═════ Provided data ═════
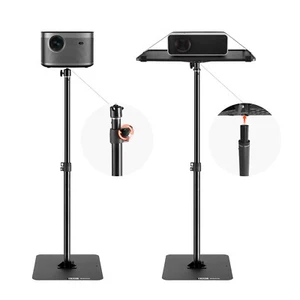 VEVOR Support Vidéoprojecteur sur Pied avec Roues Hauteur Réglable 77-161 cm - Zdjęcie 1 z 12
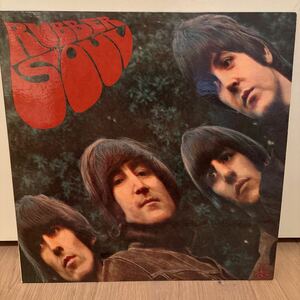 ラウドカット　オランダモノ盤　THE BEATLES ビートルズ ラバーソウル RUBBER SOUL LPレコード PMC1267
═════
═════ Provided data ═════
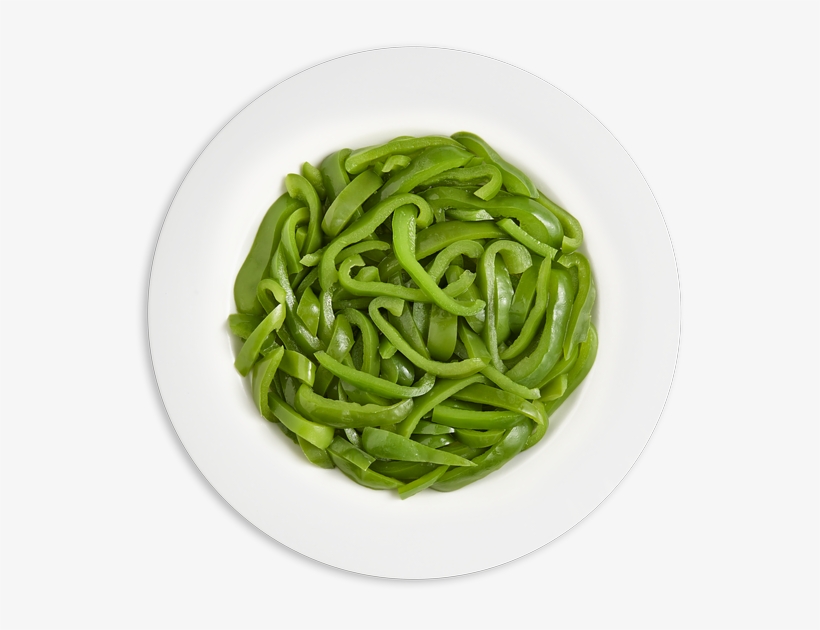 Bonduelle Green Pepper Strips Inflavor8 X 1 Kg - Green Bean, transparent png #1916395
═════
Working from the entries above, reproduce exactly and only the lines beginning with the line that has "VEVOR Support Vidéoprojecteur" and ending with the line that has "ラウドカット　オランダモノ盤　THE BEATLES ビートルズ"; omit all pictures.

> **Exercise output**:
 VEVOR Support Vidéoprojecteur sur Pied avec Roues Hauteur Réglable 77-161 cm - Zdjęcie 1 z 12
 ラウドカット　オランダモノ盤　THE BEATLES ビートルズ ラバーソウル RUBBER SOUL LPレコード PMC1267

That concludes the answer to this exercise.